However, if a maximum recursion level is specified, such as in the demo query where I specified {1,3} to stop at three recursion levels, then that is an extra stop condition. While it would in theory be possible to first do the full recursion and then filter out unwanted rows based on the rec_depth column in the internal tables, that would be a huge waste of performance. And luckily, Microsoft was smarter than this. That’s why we have only two executions for the operators on this recursive third input to Sequence. The second input was effectively the first recursion, the two executions of the third input and the second and third recursions, and then, because we specified {1,3}, no extra execution of this branch is initiated.

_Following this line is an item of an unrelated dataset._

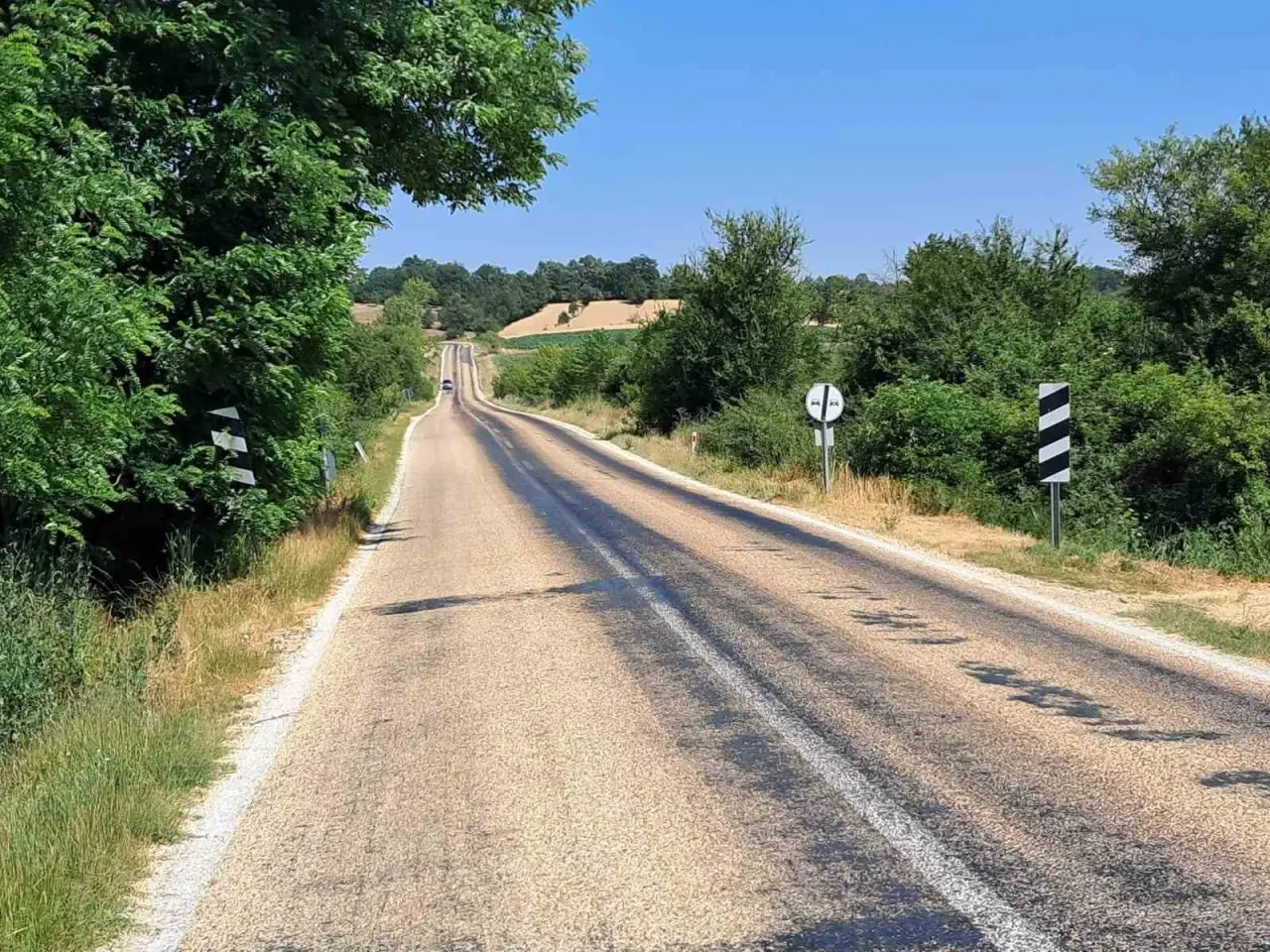 bilecikte-eriyen-asfalta-karsi-karayollarinda-kumlama-calismasi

How this is tested is, once more, unclear. I need to speculate. One theory that I had for a while, that operators in the third branch include a filter somewhere on the recursion depth, is by now disproven. We have seen all operators, and there is no such filter. Also, if that were the case, then there would still be one extra execution of this branch, albeit one that returns no rows. The Number of Executions of the operators on this branch indicates that this is not the case. When the maximum recursion is 3, as in the demo query, the operators on the recursive branch have just two executions. (Remember, the second branch is effectively the first recursion level).

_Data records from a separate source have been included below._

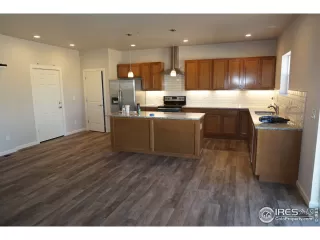 Photo #6: 923698 Listing 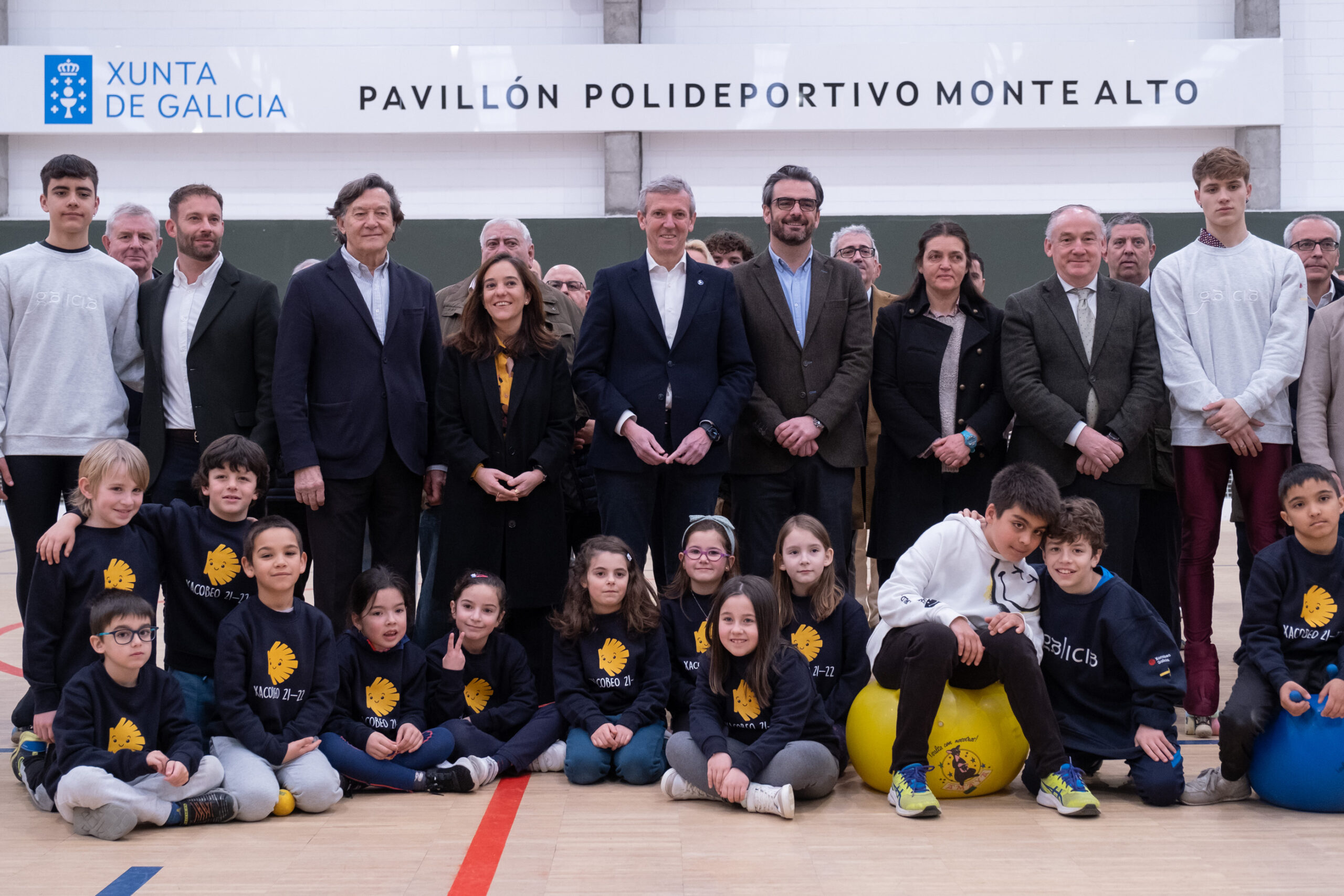 O presidente da Xunta asiste á inauguración das obras de remodelación do Pavillón Polideportivo Monte Alto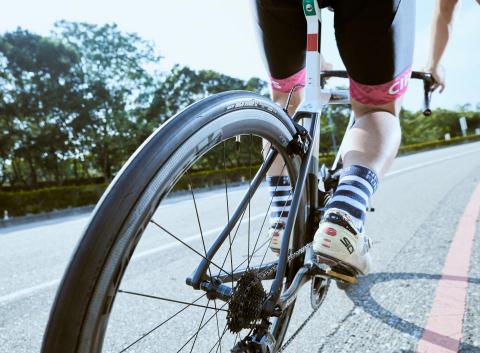 南國影像 - MEXXIS HIGH ROAD 車胎  拍攝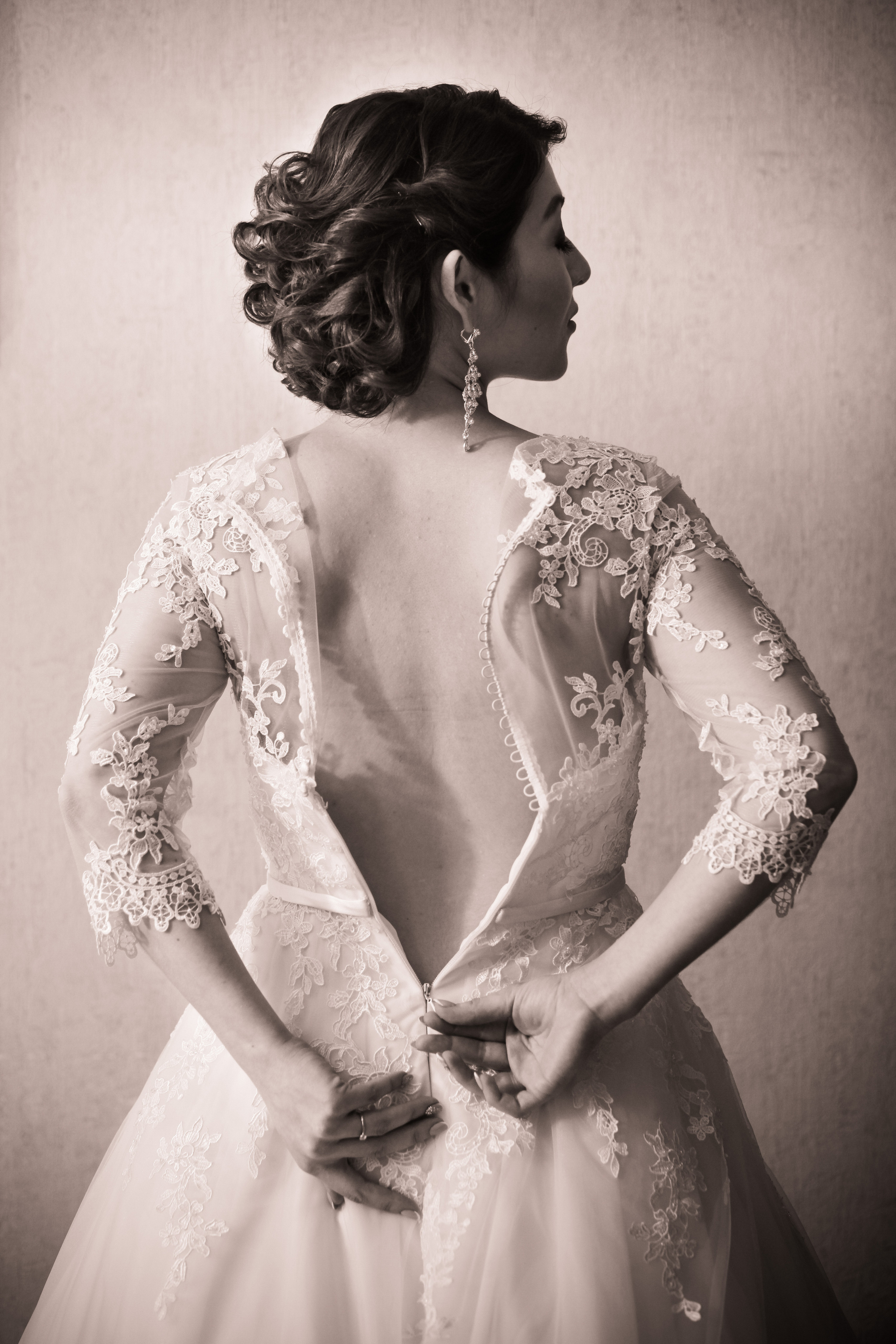 Олег и Полина 28 апреля, свадебная фотосъемка. Семейный и портретный фотограф в Екатеринбурге Анна Лобанова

So instead, it is the Sequence operator itself that does this check. Once more, this can be done in multiple ways. It can check the recursion depth that the leftmost Table Insert returns (in column Expr1012, in this case – note that it will not always use the number 1012, but it will always be the fifth column returned). Once that is equal to the maximum recursion level, the recursive branch should not be restarted again. However, a probably even simpler solution is to have the Sequence simply use an internal counter in its working memory, that it increases whenever it (re)starts the recursive branch. When that counter ticks over from 2 to 3, two executions have been done, which means three recursion levels. That is the maximum, so the recursion is stopped.

Fourth input

Finally, we get to the fourth input to the Sequence. Finally a simple one again!

It’s a simple Table Scan, using rec_xx_Results as the input. There is no Predicate property, so all rows are returned. And its Output List property specifies that all nine columns are returned: l_obj_id, l_id, r_obj_id, r_id, rec_depth, col_1, cnt_1, cnt_2, and agg_1.

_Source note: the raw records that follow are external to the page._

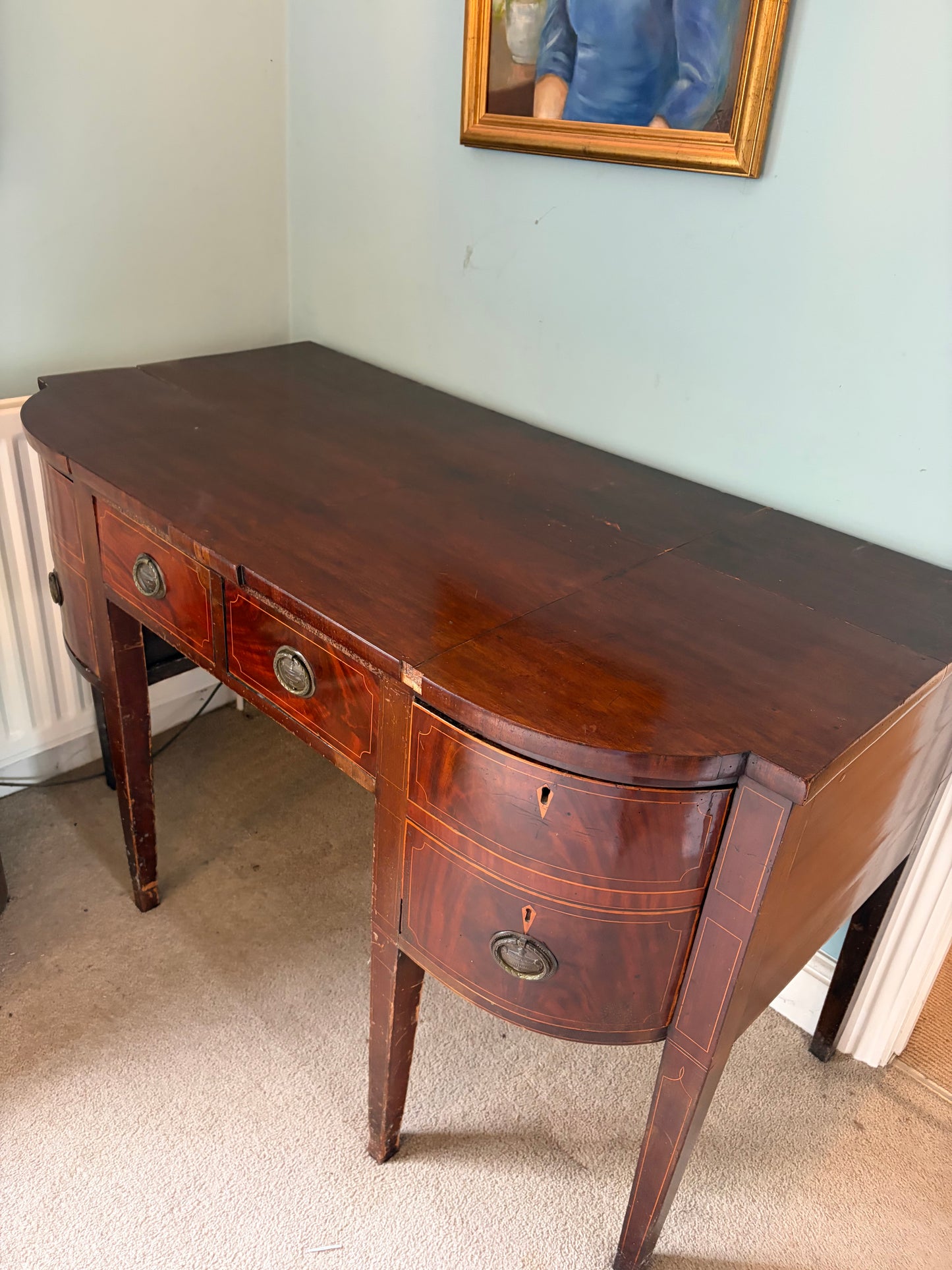 SIDEBOARD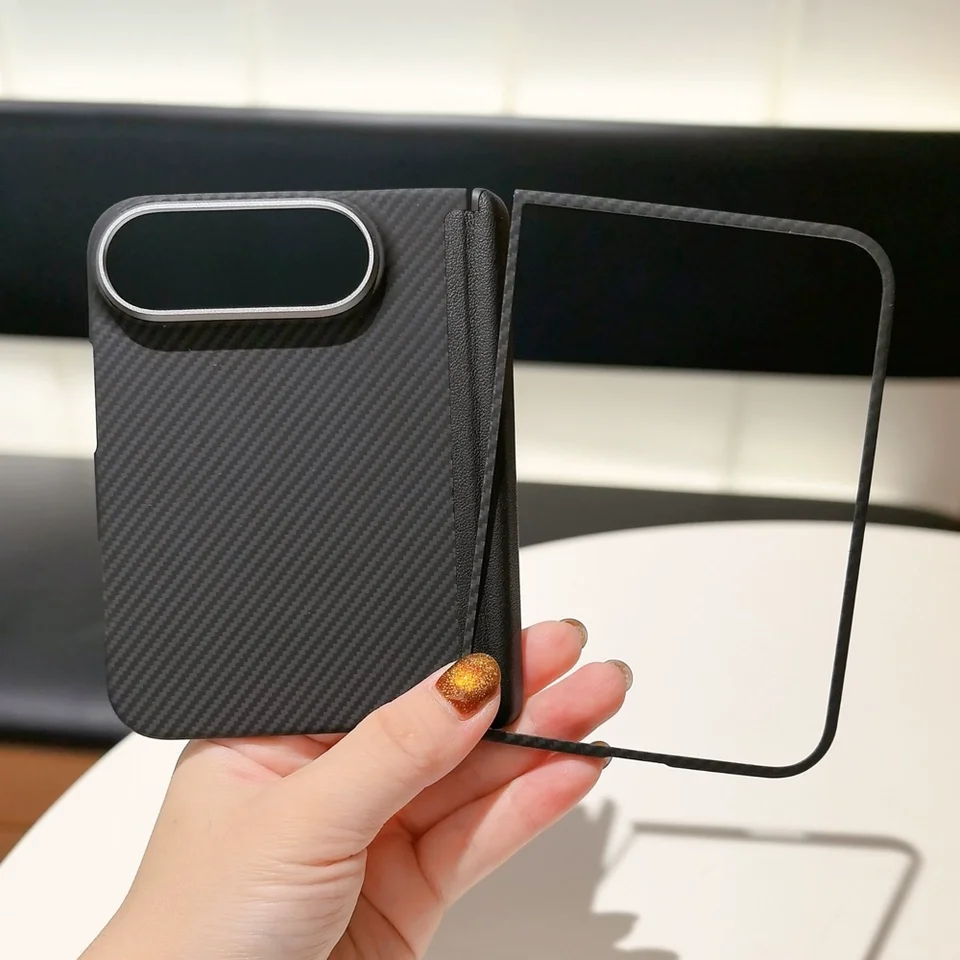 Ultra-Thin Magnetic Aramid Fiber Protective Phone Case with Carbon Texture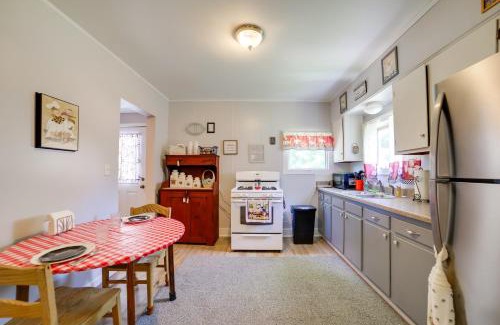 Adrian House | Fire Pit, BBQ and Yard Family Home in Adrian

An interesting observation is that in this execution plan, there is actually (apart from the column names) zero difference between rec_xx_Results and rec_xx_Total. They seem to be redundant. However, I assume that there are scenarios that I have not yet seen where there actually needs to be a difference between the total collection of edges traversed (for the purpose of preventing endless loops), and the results collection of edges that need to be returned as the final results.

Because this is the final input to Sequence, these rows are then also returned to its parent.

Rest of the plan

The rest of the plan still does a lot of work, but nothing in this section is really interesting.

Following the data, we first see a Filter that, once more, checks that the left object_id refers to the Person table. Knowing how the data is generated, I see no way that this would ever not be the case, so either this is a case of lacking optimization, or there are more complex cases where this filter would actually be needed.

We then see two Nested Loops operators that join the data we have (which, if you recall correctly, are all references to start- and end-points of a path through nodes) to the Person (p1) table, via first an Index Seek and then a Key Lookup, to get additional data. In the Key Lookup, we also see a repetition of the filter on the p1.name column, to return only Jacob and Julie. I once more fail to see any reason for this, because we already ensured this in the first input to Sequence. But, again, this apparent redundancy might become relevant in more complex queries.

Then we have one more Nested Loops, to the Person (p2) table. This join uses the r_id column from rec_xx_Results to get the correct value for the LAST_VALUE expression in the SELECT list. This works because r_id (and r_obj_id, but we know already that this is the object_id of dbo.Person) is the last node in the path represented by each row processed.

Finally, the last Compute Scalar is needed to ensure that col_1 and agg_1 are updated to reflect the correct COUNT(fo.[$edge_id]) and STRING_AGG results. If you read carefully, you will have noticed that in the recursive input to Sequence, we constantly added the previous value to the aggregations, while adding a new edge to the path. So those aggregations were lagging the whole time; the last node was not added. That’s why the count is increased one more time here, and one more name gets added to the FriendshipPath.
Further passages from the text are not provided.